Selective Dual-module Federated LoRA

Updated 23 January 2026

SDFLoRA is a federated fine-tuning paradigm that separates global transferable adaptations from local personalized modules through dual-module LoRA adapters.
It employs selective aggregation of only global modules using weighted stacking and SVD recompression to handle rank heterogeneity and reduce communication costs by up to 50%.
By injecting differential privacy noise solely into the global module, SDFLoRA achieves superior privacy–utility trade-offs while adapting to non-IID data across heterogeneous clients.

Selective Dual-module Federated LoRA (SDFLoRA) is a federated fine-tuning paradigm that combines parameter-efficient low-rank adaptation with explicit separation of global and local adaptation modules for robust, communication-efficient, and privacy-aware learning across heterogeneous clients. It is designed to address fundamental issues in federated learning of large pre-trained models—especially in scenarios involving non-identically distributed data, client hardware diversity, privacy constraints, and hyperparameter heterogeneity. SDFLoRA further generalizes to cases with rank-mismatched LoRA modules, enabling scalable and stable model aggregation, and integrates with advanced techniques such as selective aggregation, adaptively fused dual-modules, and private-domain expert allocation.

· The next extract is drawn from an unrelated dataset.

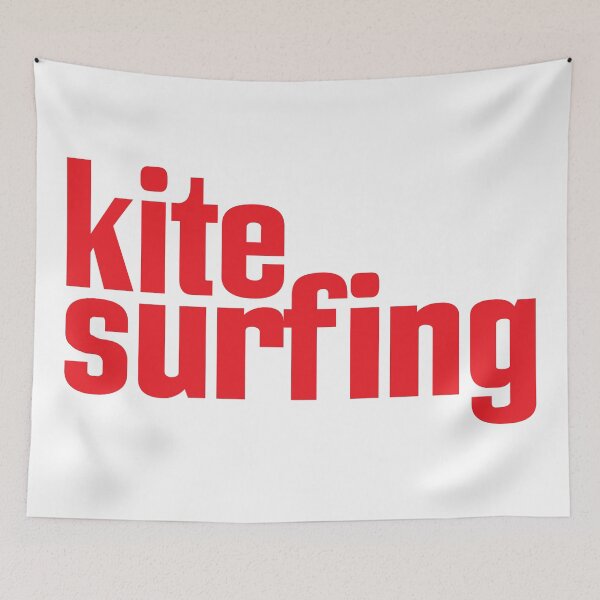 Artikelvorschau, Kitesurfen Kitesurfen Kitesurfen Windsurfen entworfen und verkauft von ProjectX23.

1. Mathematical Foundation and Dual-Module Architecture

SDFLoRA adopts the standard LoRA parameterization, where each trainable weight matrix $W_0\in\mathbb{R}^{d_{\mathrm{out}}\times d_{\mathrm{in}}}$ is augmented by a low-rank update:

$W = W_0 + \Delta W, \qquad \Delta W = B A$

with $A\in\mathbb{R}^{r\times d_{\mathrm{in}}}$ , $B\in\mathbb{R}^{d_{\mathrm{out}}\times r}$ , and $r\ll \min(d_{\mathrm{in}},d_{\mathrm{out}})$ .

Under SDFLoRA, each client $k$ maintains a dual-module LoRA adapter for every adapted layer:

$\Delta W_k = \Delta W^{(g)}_k + \Delta W^{(l)}_k = B_k^{(g)}A_k^{(g)} + B_k^{(l)}A_k^{(l)}$

The global module $(A^{(g)}_k, B^{(g)}_k)$ captures knowledge transferable across clients and is the only component aggregated globally.
The local module $(A^{(l)}_k, B^{(l)}_k)$ remains on-device, encoding client-specific or highly personalized adaptations.

This modularization is supported by sensitivity analyses, which show (empirically and theoretically) that $A$ -module (especially its directional components) encodes global, distribution-independent knowledge, while $B$ is more sensitive to local data statistics and thus suited for personalization (Guo et al., 2024, Zhao et al., 13 Oct 2025, Qi et al., 2024).

2. Selective Aggregation and Alignment under Heterogeneity

Classic federated approaches aggregate updates naïvely, often necessitating homogeneous adapter ranks. SDFLoRA addresses this by selectively aggregating only the global modules, thereby:

Handling rank heterogeneity: Each client may use a different global rank $r_k^{(g)}$ for its module. At the server, aggregation is performed by stacking the received $(A_k^{(g)}, B_k^{(g)})$ across clients, weighted by client-specific terms (e.g., sample sizes). Aggregated updates:

$A_t^{(g)} = \text{Concat}\left(\sqrt{p_k}A_k^{(g,t)}\right),\quad B_t^{(g)} = \text{Concat}\left(\sqrt{p_k}B_k^{(g,t)}\right)$

where $p_k$ are aggregation weights.

Recompression: To prevent the rank of the global adapter from growing indefinitely, the concatenated matrices are recompressed to a maximum acceptable rank $r_{\max}$ via SVD:

$\Delta W_t^{(g)} \approx \widetilde{B}_t^{(g)}\widetilde{A}_t^{(g)},\quad \mathrm{rank}\le r_{\max}$

This supports scalability and avoids the over-alignment of personalized subspaces (Shen et al., 16 Jan 2026).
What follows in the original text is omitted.